Antes da estreia dos dois filmes nem Spielberg, nem Lucas estavam certos do sucesso de seus filmes. Spielberg achava que “Star Wars” seria um campeão de bilheteria, enquanto Lucas tinha a certeza de que “Contatos Imediatos” seria um enorme sucesso. No impasse, eles decidiram que cada um deles daria 2,5% da receita de seus filmes um para o outro. Dessa forma, diminuiria o impacto no caso de um fracasso de um deles. Bem, “Contatos Imediatos” faturou mais de USD 300 milhões, e “Star Wars”, mais de USD 700 milhões. Será que algum deles se arrependeu do acordo?

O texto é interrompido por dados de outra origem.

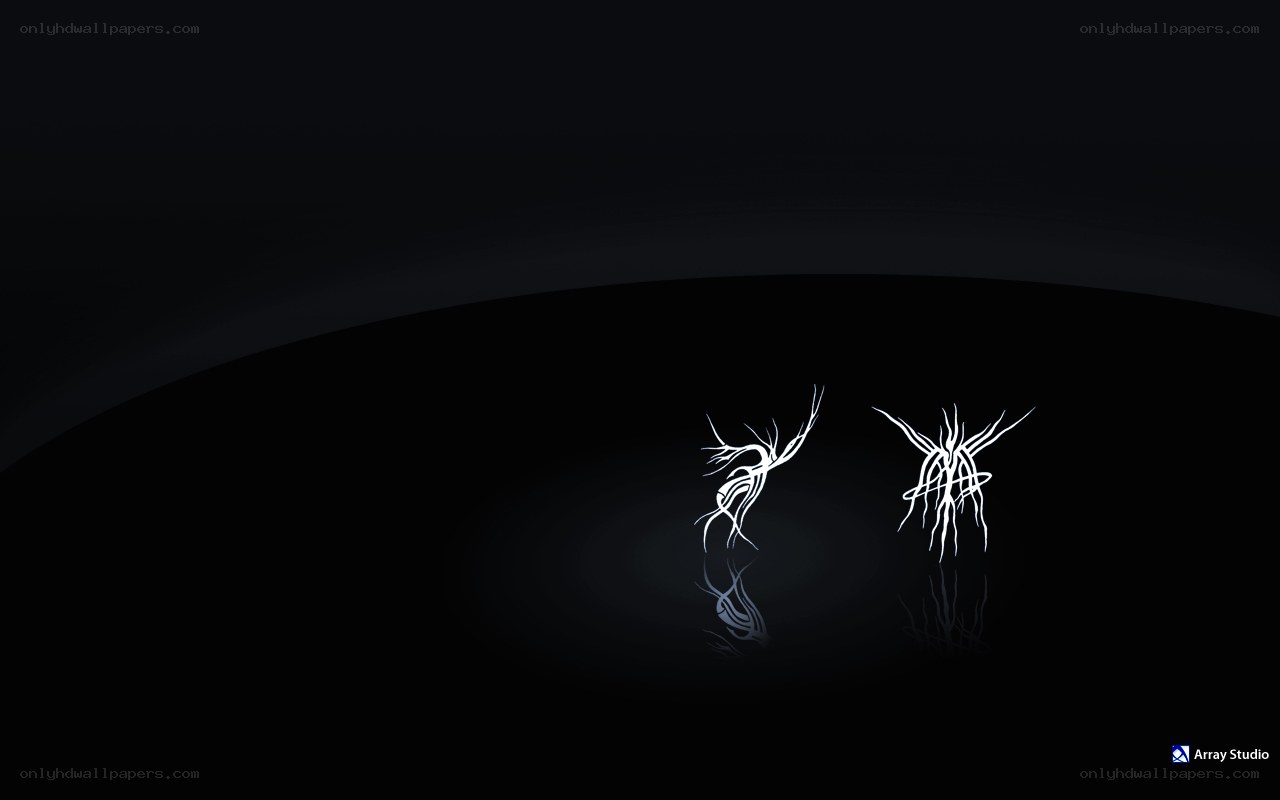 abstract white forms on black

Criou-se também uma rixa entre as equipes de “Contatos Imediatos” e “Star Wars” naquele ano. Os realizadores eram e são muito amigos, mas disputavam as bilheterias como rivais. Na temporada de premiações da academia, os dois filmes disputaram as estatuetas palmo a palmo. “Contatos imediatos” foi indicado em 9 categorias e levou 2 Óscares, enquanto"* Star Wars*" disputou 11 estatuetas e levou 7, incluindo a trilha sonora também composta pelo mestre John Williams.
Naturalmente que a competição é muito importante para a indústria do cinema americano. Os prêmios são argumentos de venda dos filmes, e eram fundamentais quando o mercado era composto praticamente por distribuidores internacionais, redes de TV e o, na época, incipiente mercado de home vídeo. Contudo eles pouco ou nada refletem a qualidade dos filmes. A criatividade, o talento e a capacidade de contar uma história e emocionar plateias é o que realmente conta.

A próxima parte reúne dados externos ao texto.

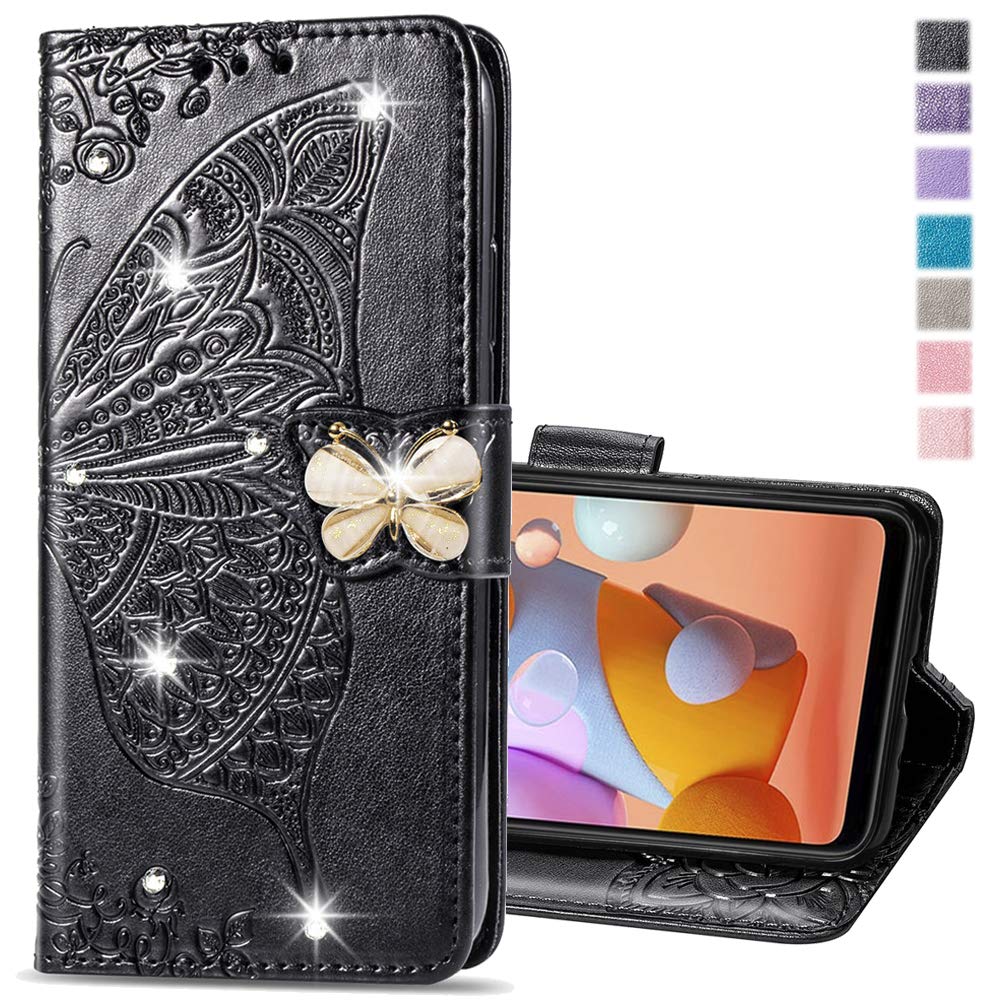 COTDINFOR Wallet Case for Moto G Power 5G 2024 Case Crystal Glitter Bling with Card Holder Stand Leather Flip Phone Case Diamond Butterfly Protective Case for Moto G Power 5G 2024 Crystal Black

Nem mesmo Steven Spielberg é infalível. Seu projeto seguinte, a comédia “1941 – Uma guerra muito louca” foi um fracasso de público e crítica. O que prova que nem sempre um orçamento polpudo, grandes estrelas e um diretor e ascensão são a fórmula certeira de sucesso. O filme fez com que Spielberg desse um passo atrás e focasse naquele gênero que ele fazia como ninguém – o filme de aventura.
Em 1981, em parceria com George Lucas, este como produtor e Spielberg como realizador, chegou às telas do mundo todo o delicioso “Caçadores da Arca Perdida” (Raiders of the Lost Ark), o filme-evento daquele verão, que também se tornou um clássico do cinema e ícone da cultura pop ao introduzir o personagem de Indiana Jones. É um filme que homenageia os seriados de aventuras dos anos 30, uma paixão de George Lucas.

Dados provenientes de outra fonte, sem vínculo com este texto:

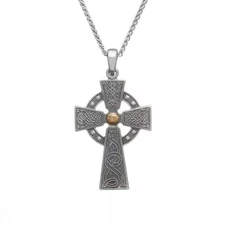 Antiqued Silver & Gold Bead Cross Celtic Warrior- Medium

Desde 1975 os verões nunca foram mais os mesmos para a indústria e para o público do cinema. A cada ano Hollywood vem guardando seus potenciais sucessos comerciais e filmes para o público jovem para lançamento no verão. Tem sido assim com os filmes de aventuras, ação, super-heróis, ficando os filmes “sérios” para o fim do ano, visando a temporada de premiações.
Spielberg vem seguindo essa receita desde então. Os filmes-evento estão no cerne da carreira desse realizador. Obras como “E.T.”, “Jurassic Park”, e a franquia Indiana Jones deram a Spielberg a reputação de o mais bem-sucedido realizador da história. Isso permitiu a ele também aventurar-se em histórias mais sérias, como “A Lista de Schindler” (Schindler List), “A Cor Púrpura” (The Color Purple), “O Resgate do Soldado Ryan” (Saving Private Ryan), e mais intimistas como o recente autobiográfico “Os Fabelmans” (The Fabelmans).
Spielberg é um realizador à moda antiga, que criou um estilo de direção muito característico, facilmente reconhecível, mantendo uma narrativa bem tradicional, a linearidade, estrutura de 3 atos, planos longos bem elaborados. Ele também é um dos poucos que ainda filma em película e não digital, e valoriza a projeção.
É um alento para os amantes do cinema que ainda haja realizadores empenhados em valorizar seus filmes para a exibição em uma sala escura, a proporcionar a experiência máxima para o espectador. Spielberg é um deles, graças a Deus!
Quanto a mim... eu continuarei a frequentar as salas de cinema, pelo prazer da experiência e pelo respeito aos realizadores e criadores dessa arte. Aguardarei ansiosamente o verão de 2026 e o novo filme-evento “directed by Steven Spielberg”. Com os acordes de John Williams, eu espero.